Dengan melompat pada kesimpulan tentang dugaan serangan senjata kimia di Suriah, kabinet perang Donald Trump dan para pendukungnya dengan gegabah justru mendorong pada konfrontasi militer antara Rusia dan Amerika Serikat.
Presiden Trump mengumumkan pada hari Senin bahwa "semua orang" (yang dimaksud adalah Rusia dan Suriah) "akan membayar harga" untuk terjadinya serangan kimia di Douma, yang merupakan kota di pinggiran Damaskus yang ada di bawah kendali pemberontak Jaysh al Islam.
Trump juga mengatakan bahwa dia meminta Rusia bertanggung jawab atas serangan yang masih belum diverifikasi. Hal ini menandakan eskalasi hubungan antara Rusia dan AS. Media AS tidak lagi memedulikan validitas berita yang mereka tayangkan. Sekalipun hal tersebut akan berpotensi menimbulkan bahaya yang luar biasa. Mereka hanya mengikuti histeria anti Rusia.
Media juga mengabaikan beberapa rincian penting yang mengarah pada dugaan serangan.

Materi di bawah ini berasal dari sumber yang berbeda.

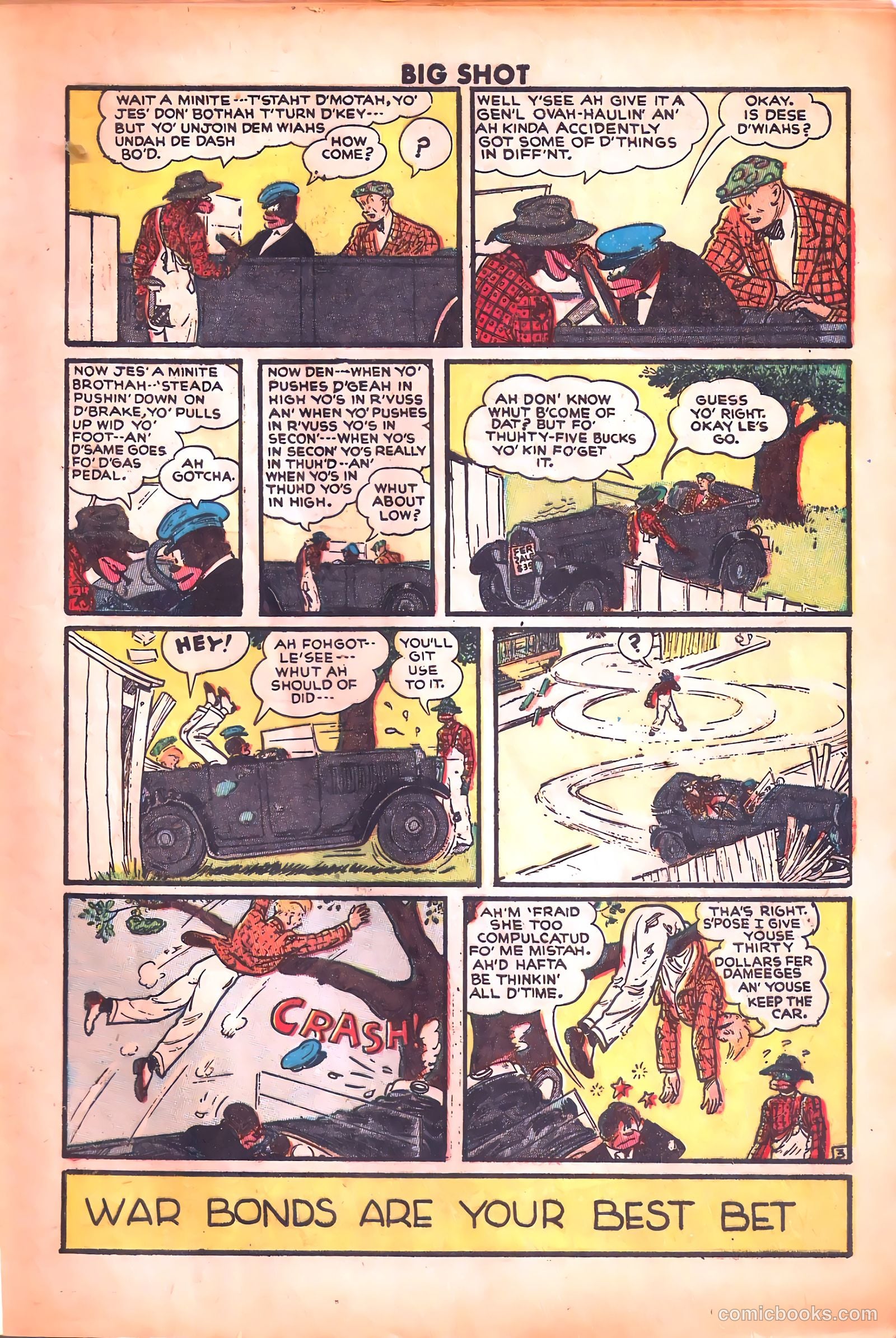 Big Shot #60 (1945) — page 5 of 52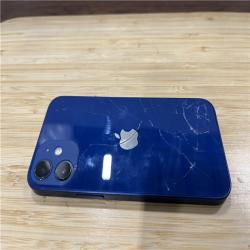 AS-IS Apple iPhone 12 mini 128GB - Blue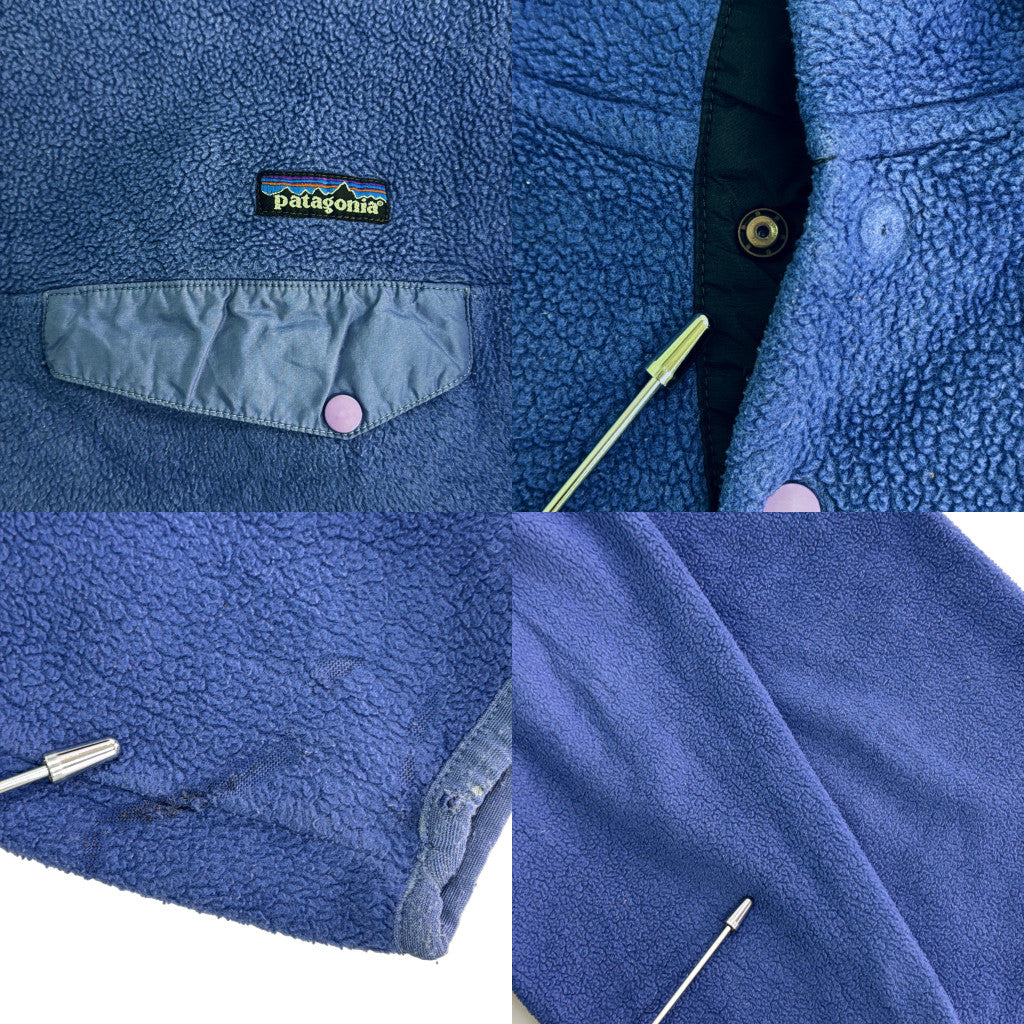 90s patagonia SYNCHILLA Snap T Fleece Jacket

Rincian yang menimbulkan pertanyaan serius tentang siapa yang bertanggung jawab.
Penentuan Waktu Serangan yang Mencurigakan
Pemerintah Suriah berada dalam posisi yang lebih kuat daripada saat awal perang dan Douma akan segera bebas. Sungguh sangat tidak masuk akal bila pemerintahan Assad meluncurkan serangan senjata kimia di saat seperti ini. Tidak ada keuntungan sedikipun bagi pemerintah Suriah. Ini saja harus menyebabkan beberapa skeptisisme serius, terutama mengingat kronologi peristiwa yang mengarah ke dugaan serangan.
Douma adalah sebuah kota di Ghouta Timur yang berada di bawah kendali Jaysh al Islam , kelompok jihad pemberontak yang didukung Saudi yang berusaha untuk menggulingkan pemerintah Presiden Assad dan akan mengganti dengan negara Islam.
Jaysh al Islam sendiri merupakan kelompok teroris takfiri yang bertujuan untuk menegakkan Khilafah (Negara) Islam. Pendiri Jaysh al Islam, almarhum Zahran Alloush, telah secara terbuka menyerukan pembersihan etnis minoritas agama di Damaskus.
Jays al Islam juga terlibat pada pembunuhan massal penduduk sipil dan dengan secara terbuka mengarak perempuan sipil dari sekte minoritas Alawiyah. Mereka dikandangkan di jalanan sebagai tameng manusia dalam menghadapi gempuran pasukan pemerintah Presiden Assad yang dibantu Rusia.
Kelompok minoritas ini berada di antara ratusan warga sipil. Mereka disandera oleh kelompok Jays al Islam selama bertahun-tahun di Douma. Media Barat pun memberitakan hal yang tidak masuk akal dengan mengatakan bahwa pemerintah menggunakan senjata kimia dan itu mempertaruhkan keselamatan para sandera. Padahal negosiasi antara pemerintah dan Jays al Islam dilakukan dengan intens.
Putaran terakhir perundingan yang alot antara Jays al Islam dengan pemerintah Suriah bertepatan dengan pertempuran berbulan-bulan untuk mengusir militan takfiri dari Ghouta Timur. Pemerintah Suriah bisa dipastikan segera memenangkan perang dengan para perusuh ini, dan telah berhasil merebut kembali 90 persen wilayah Ghouta Timur.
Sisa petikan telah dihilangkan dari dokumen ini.